Stored data
· · · ·

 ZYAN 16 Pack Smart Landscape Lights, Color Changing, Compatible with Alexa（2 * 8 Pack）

· · · ·

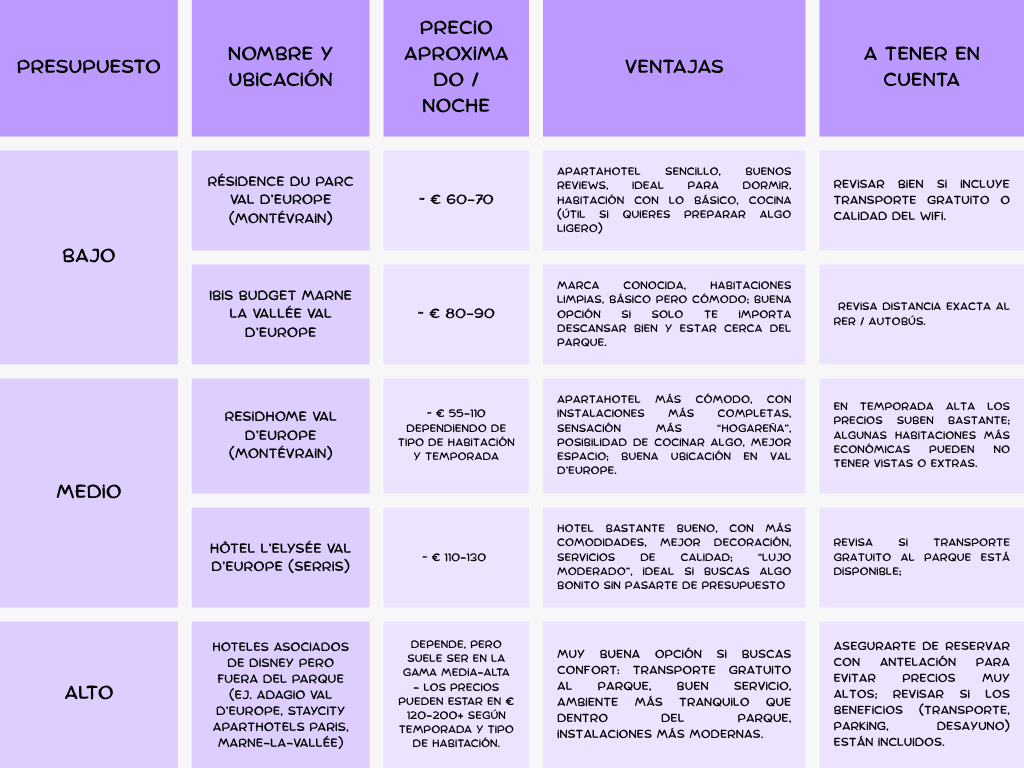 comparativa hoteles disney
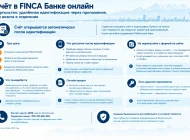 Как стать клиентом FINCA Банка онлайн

· · · ·

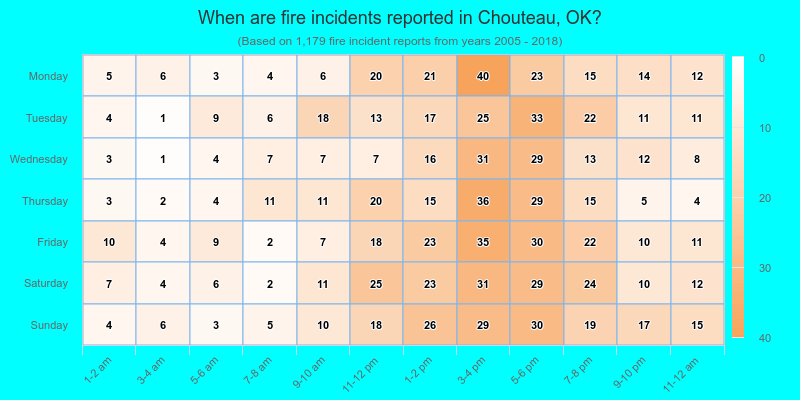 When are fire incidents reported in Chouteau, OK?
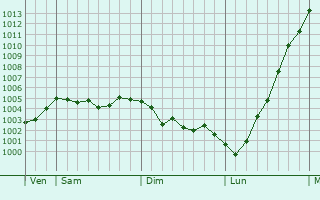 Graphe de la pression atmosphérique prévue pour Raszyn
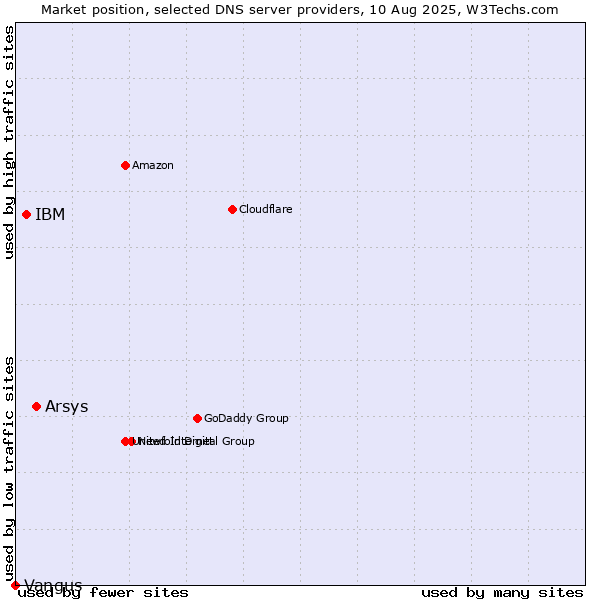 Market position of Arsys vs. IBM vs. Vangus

· · · ·

Activity
Using the data above, which lines fall from the one with "comparativa hoteles disney" through the one with "Как стать клиентом FINCA Банка онлайн"? Repeat them exactly, ends included, minus any pictures.

Output of the task
 comparativa hoteles disney
 Как стать клиентом FINCA Банка онлайн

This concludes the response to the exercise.